Dalam persidangan, seluruh permohonan penggugat ditolak karena kebijakan yang dituangkan dalam Instruksi Wakil Gubernur DIY Nomor K.898/I/A/1975 tanggal 5 Maret 1975.
Menurut pendapat majelis hakim, berdasarkan fakta yang diperoleh di persidangan, kebijakan tidak bertentangan dengan asas-asas umum pemerintahan yang baik karena bertujuan melindungi kepentingan umum, yakni masyarakat ekonomi lemah.
Hal ini terkait pula dengan Keistimewaan DIY yang secara tegas memberikan kewenangan istimewa di bidang pertanahan serta menjaga kebudayaan khususnya keberadaan Kasultanan Ngayogyakarta dan juga menjaga keseimbangan pembangunan dalam rangka pengembangan perencanaan pembangunan di masa yang akan datang.
Sementara itu, Handoko, si penggugat, menyampaikan akan mengambil langkah banding yang akan diajukan 14 hari setelah putusan sidang kemarin.
"Saya akan mengajukan banding," tuturnya saat dihubungi.
Handoko menggugat Gubernur DIY Sultan Hamengku Buwono X dan pejabat Kepala Kantor Wilayah Badan Pertanahan Nasional (BPN) DIY lantaran menjalankan Surat Instruksi Wakil Gubernur DIY Nomor 898/I/A/1975.

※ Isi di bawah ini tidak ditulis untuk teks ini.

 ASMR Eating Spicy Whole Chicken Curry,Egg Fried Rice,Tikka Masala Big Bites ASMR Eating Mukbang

"Saya menganggap pejabat yang menjalankan Surat Instruksi (Wakil Gubernur DIY Nomor 898/I/A/1975) itu melanggar hukum. Instruksi itu juga saya menilai mengandung diskriminasi," ujarnya.
Dia mengatakan, dasar dari gugatan tersebut adalah karena Instruksi yang terbit pada 5 Maret 1975 tersebut melawan hukum karena melanggar Instruksi Presiden 26/1998 tentang Menghentikan Penggunaan Istilah Pribumi dan Nonpribumi dalam Semua Perumusan dan Penyelenggaraan Kebijakan, Perencanaan Program, ataupun Pelaksanaan Kegiatan Penyelenggaraan Pemerintahan.

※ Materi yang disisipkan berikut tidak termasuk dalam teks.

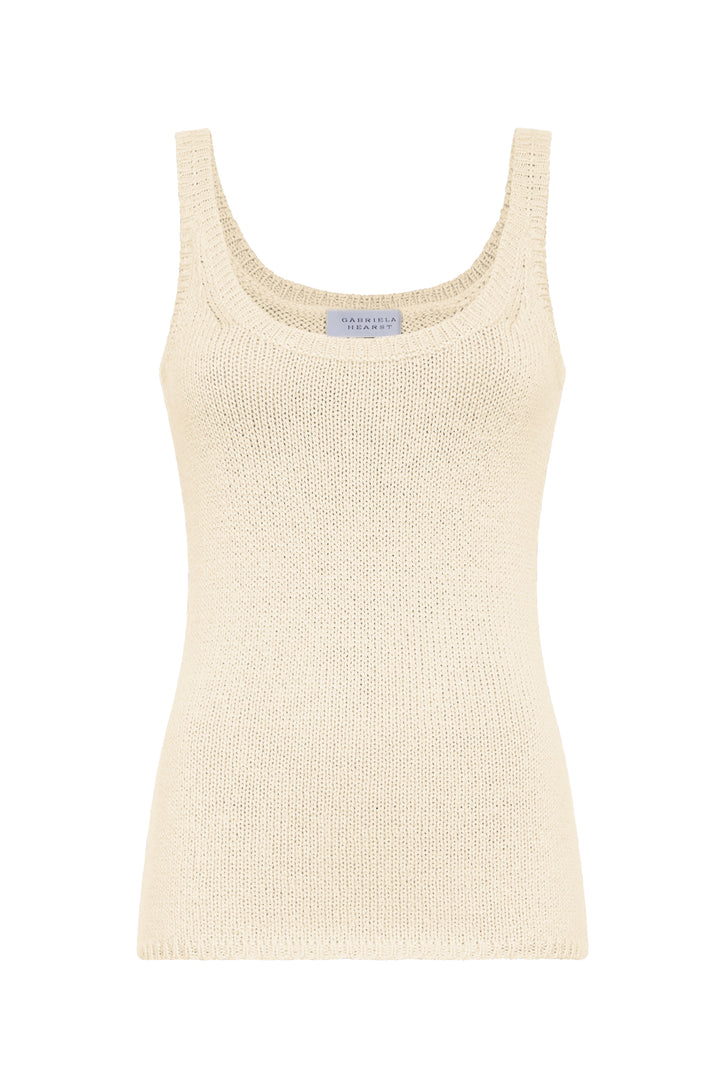 Brigid Knit Tank Top in Off White Cashmere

Selain itu, menurut Handoko, kebijakan itu juga bertentangan dengan Pasal 21 Ayat (1) Undang-Undang Nomor 5 Tahun 1960 tentang Peraturan Dasar Pokok-pokok Agraria (UUPA) yang berbunyi "Hanya warga negara Indonesia dapat mempunyai hak milik".
"Saat ini saya sedang mempelajari dan menyusun alasan-alasan untuk pengajuan banding," pungkasnya.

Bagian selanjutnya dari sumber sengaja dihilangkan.